Written on April 5, 2014.
I was listening to a podcast today that talked about how, from the ages 1 to 12, our brains are the most pliable they can ever be. The speaker, Erwin Mc Manus, said, “Unbeknownst to us, we were all creative savants at one point. During the early stages of its development, the brain is a sponge and can easily learn anything — given enough time and repeated practice.”
After the age of 12, he explained, the brain zones in on the skills that we are already comfortable with or are instinctively good at. While we can still develop new abilities as we enter our mid to late teens and beyond, our learning curve ultimately gets slower and slower.

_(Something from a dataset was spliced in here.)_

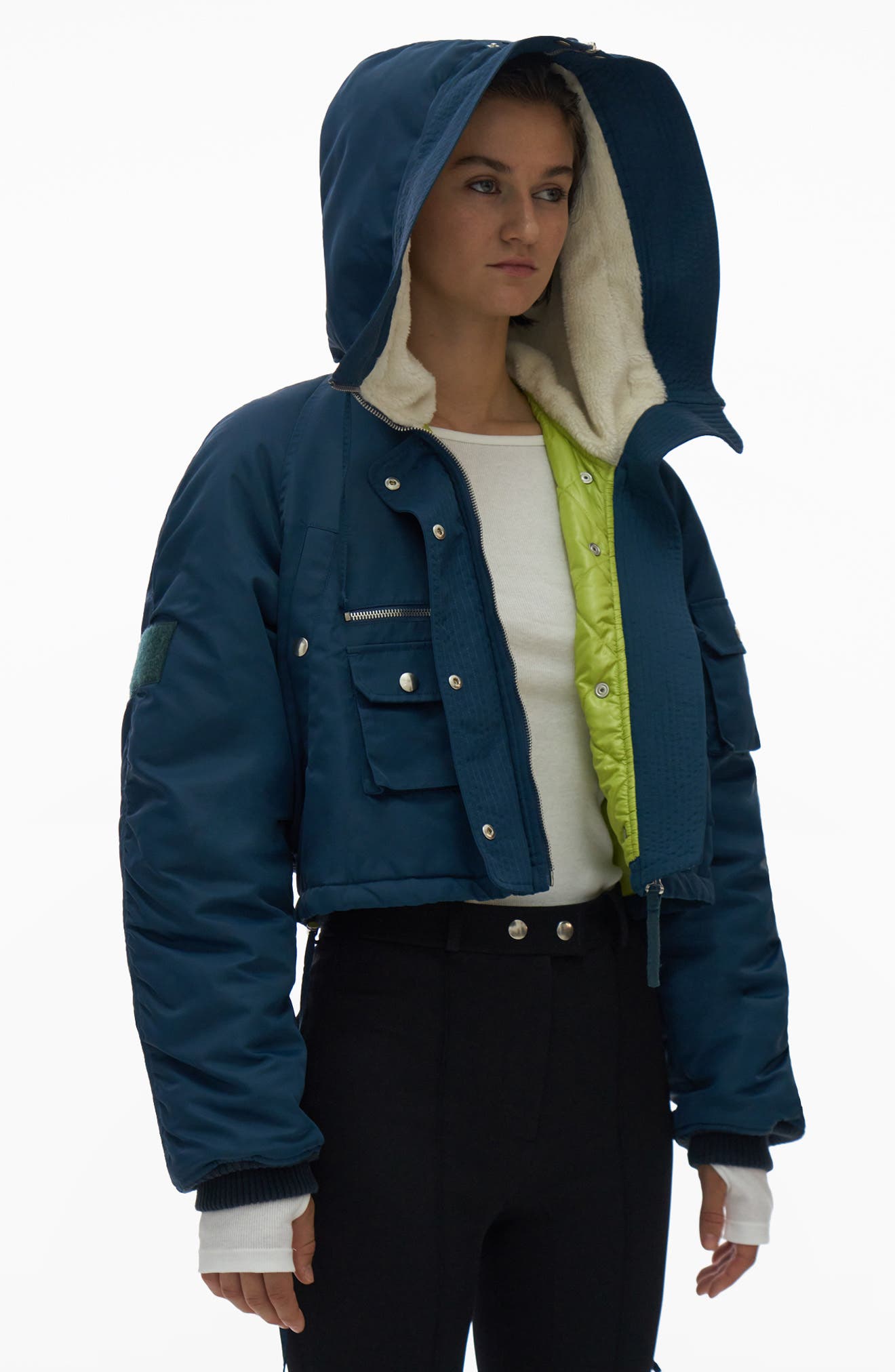 nordstrom aviator jacket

My mom has this favorite anecdote about me:
I am four-years-old and we are living in Kuala Lumpur, Malaysia. It is a cushy life with my dad being the Creative Director of a respectable advertising agency — an agency that wants him on their team so bad, they gave us a four-bedroom condominium, a private car and tuition money to fund my siblings’ international education.
My mom, being a stay-at-home wife, spends a lot of her days dragging me to the mall or the grocery store with her to finish errands. (I was a pretty compliant kid.) But she always makes sure to get us home in time for a short afternoon nap. She’d whip up a bottle of milk for me, settle us both into bed, turn on the aircon, pick a story and read it out loud.
There’s a large selection of books on the shelf but she goes through my favorites again and again. Even though I’ve heard them about a hundred times, I don’t mind; happy to chug on the milk and watch the same fairytale unfold in my imagination before I surrender to sleep.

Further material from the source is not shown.